Then my question is Why is this code inserting only two rows...
My guess is that the conditional inside the loop is only true one time other then the first trip.
Is it possible for you change your insert query to directly via a named query with parameters ie INSERT INTO TABLE2 (PART, LOT) VALUES (:part, :lot)
? Your current approach is an indirect to insert and prone to error, all it would take is someone else changing the CHANGE column in that other table to mess up your inserts in unexpected and hard to trace out ways, or just the CHANGE column not being reset properly etc. If you were inserting the parameters directly you could look at your NamedQuery logs if something went wrong, see what is being told to be inserted and you'd be sure that each system.db.runNamedQuery statement was only inserting one row.
Not to mention what of the case if two clients are running at the same time.
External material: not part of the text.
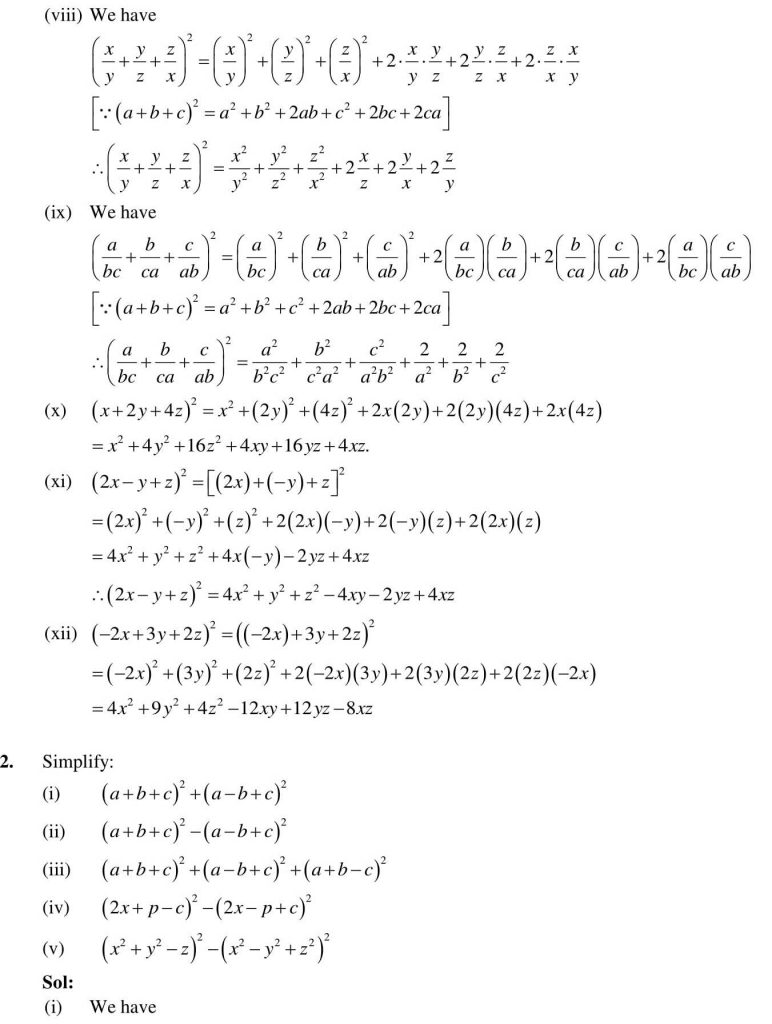 NCERT Solutions Class 9 Mathematics RD Sharma Algebraic Identities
That could give you a real headache.
TABLE1 has 4 columns; BARCODE, LOT, PART, CHANGE. When a row is filled out, change is always 0. but when a new lot and part don't match the previous lot and part, the pervious change is updated to 1 so that's why it's in the loop.
I'll try initializing prevLot and prevPart how you recommended
do NOT compare strings with is
!
is
checks if the objects are the same, not if they're equal. Won't work with strings !
It works with None
, because it's a singleton, and even with small numbers (because they're also pre-declared as singletons to make things... I don't know, easier ? faster ?).
I'm not sure if this is reliable, but it prints "900", So I'm guessing numbers up to 900 are singletons and can be compared with is
.
for x, n in enumerate(xrange(3000)):
if x is not n:
print x
break
But strings, never ! You can try with variables, with literals, whatever, it just won't work:
"hello" is "hello"
> False
Unless, obviously, if you want to know if they're the same object.
Extra fun in a Java environment, where there's a configurable boxed Integer cache, iirc. I have no idea whether that affects Jython or not, but I certainly wouldn't want to find out
ughh, thanks for keeping me in line. Gee wizz.